Try it - For the records below, reproduce exactly the line that contains "this 640×480 image." and all subsequent lines, with nothing left out and nothing added.

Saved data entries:
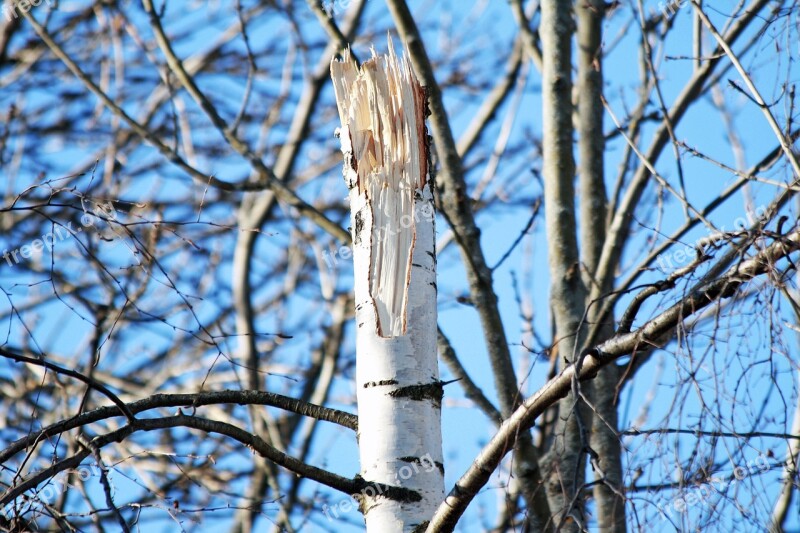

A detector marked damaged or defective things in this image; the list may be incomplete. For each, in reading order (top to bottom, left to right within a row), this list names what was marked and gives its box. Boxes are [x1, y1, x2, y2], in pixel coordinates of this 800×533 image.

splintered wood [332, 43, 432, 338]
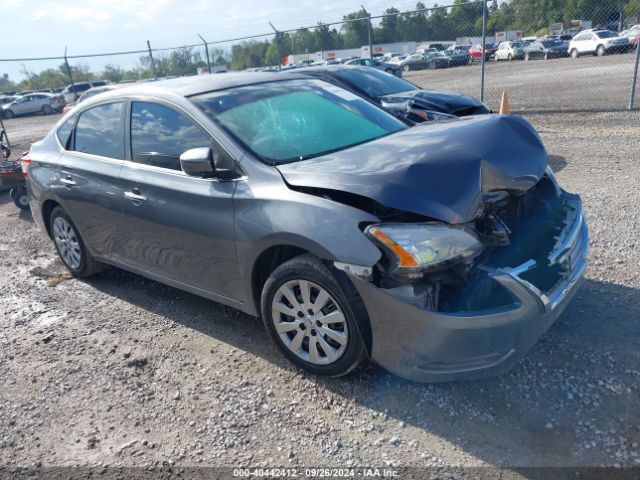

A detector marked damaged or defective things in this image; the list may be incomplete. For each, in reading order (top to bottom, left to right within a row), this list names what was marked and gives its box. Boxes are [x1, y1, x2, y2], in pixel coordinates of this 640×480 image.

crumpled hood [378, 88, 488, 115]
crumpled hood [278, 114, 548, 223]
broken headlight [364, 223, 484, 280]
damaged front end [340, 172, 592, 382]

Answer box -
A detector marked damaged or defective things in this image; the list may be incomplete. For each, in reading order (top to bottom, left to right within a row), this list names what was marked and gives its box. Boxes are [x1, y1, x2, y2], in pixel coordinates of this 640×480 image.

crumpled hood [378, 88, 488, 115]
crumpled hood [278, 114, 548, 223]
broken headlight [364, 223, 484, 280]
damaged front end [340, 172, 592, 382]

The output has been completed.